◆ **ACTIVITY**
Begin at the line containing "Aprender a nadar" and give again every line to the end of the records, exactly, without the pictures.
┏━━
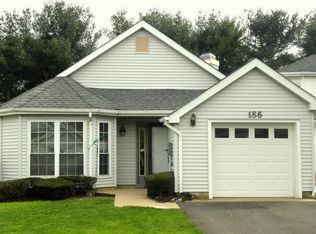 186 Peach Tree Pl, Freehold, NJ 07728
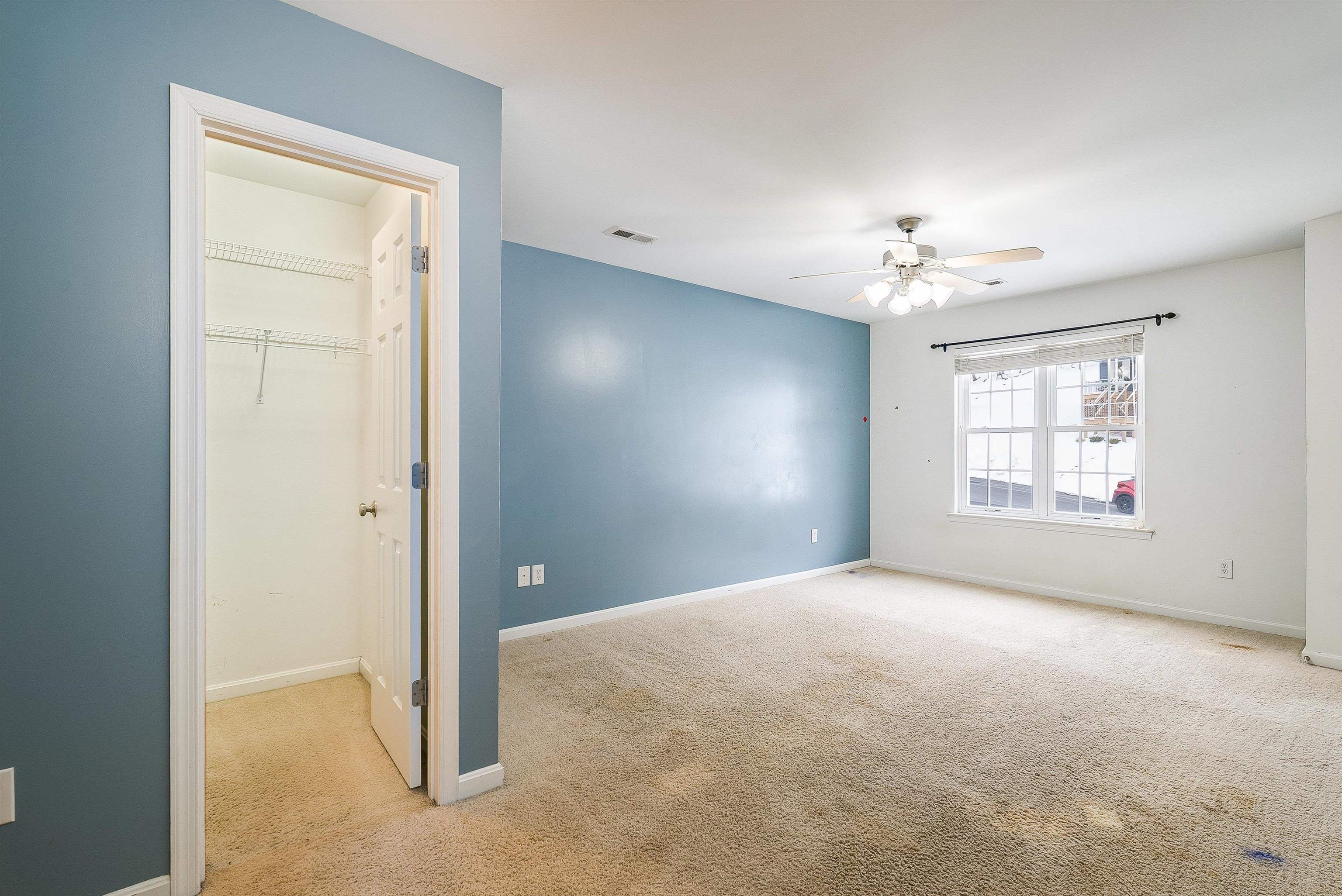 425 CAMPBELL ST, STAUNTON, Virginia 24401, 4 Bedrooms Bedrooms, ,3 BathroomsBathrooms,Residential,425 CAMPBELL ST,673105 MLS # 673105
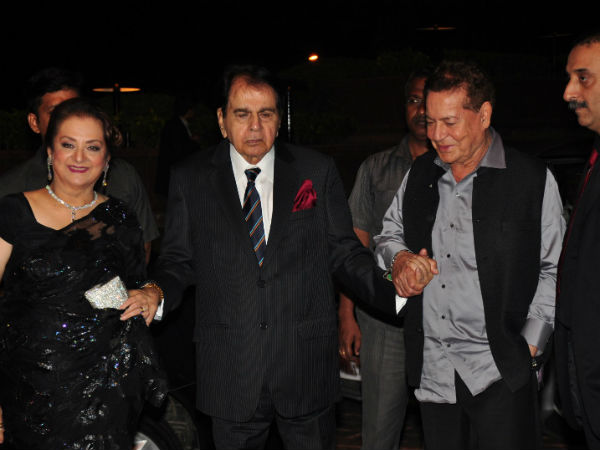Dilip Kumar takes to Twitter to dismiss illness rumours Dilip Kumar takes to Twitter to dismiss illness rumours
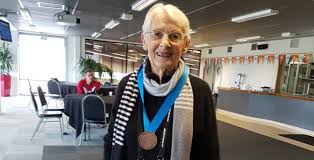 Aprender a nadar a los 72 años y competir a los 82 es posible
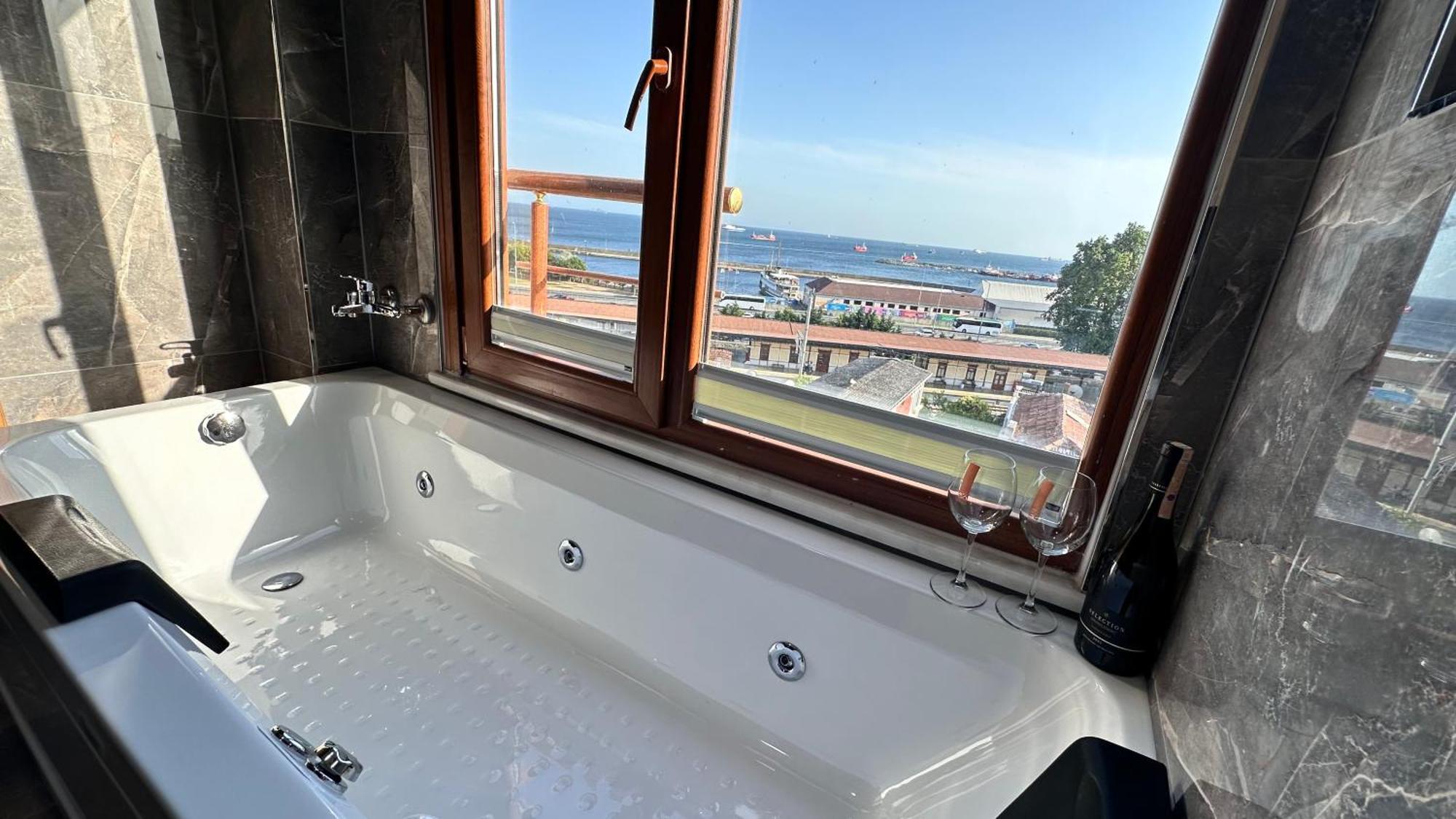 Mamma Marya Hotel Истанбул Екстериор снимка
┗━━
◆ **RESPONSE**
 Aprender a nadar a los 72 años y competir a los 82 es posible
 Mamma Marya Hotel Истанбул Екстериор снимка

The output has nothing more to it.